Graphing Quadratic Equations
Quadratic equations can appear in two primary forms - the standard form and the vertex form. For graphing purposes, understanding either form is important. Primarily, we will focus on the standard form here. The standard form of a quadratic equation is given by: \[ ax^2 + bx + c \] Where:
- a determines the direction in which the parabola opens.
- b and c determine the position of the parabola on the graph.
Parabolas
Parabolas are the graphical representation of quadratic functions. Each quadratic function can be represented by a corresponding parabola. These curves are symmetrical, meaning they are mirror images along a vertical line called the axis of symmetry. The most important features of a parabola include its vertex, direction of opening, and intercepts.A parabola can open either up or down:
- If it opens upward, the vertex is the minimum point.

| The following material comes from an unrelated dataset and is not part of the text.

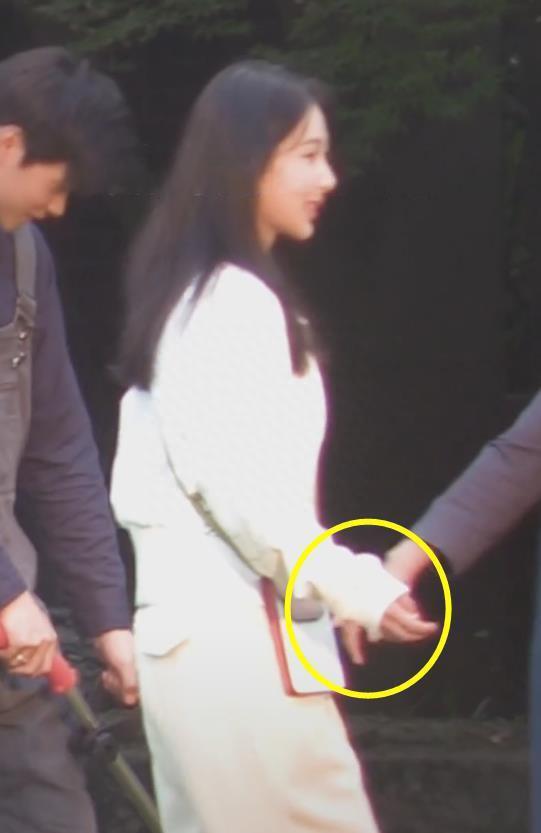 杨紫《承欢记》路透，举止穿搭女强人范，眼睑大片发绿引争议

- If it opens downward, the vertex is the maximum point.
Vertex Form of a Quadratic Function
The vertex form of a quadratic function is very useful for graphing because it directly reveals the vertex of the parabola, making it easier to plot. It is written as: \[ y = a(x - h)^2 + k \] This expresses the quadratic function in relation to its vertex point, \((h, k)\).
- h and k are the x and y coordinates of the vertex, respectively.
- a still indicates the direction of the parabola's opening and its "vertical stretch" indicating steepness.
x and y Intercepts
Understanding x and y intercepts of a quadratic function is crucial for graphing and analyzing its behavior. These intercepts occur when the parabola crosses the x-axis and y-axis.**Finding the x-intercepts:**
- Set the quadratic function equal to zero and solve for x.
- The solutions, if real, are the points where the parabola crosses the x-axis.
- Substitute x = 0 into the quadratic equation.
- The result is the y-value where the parabola crosses the y-axis.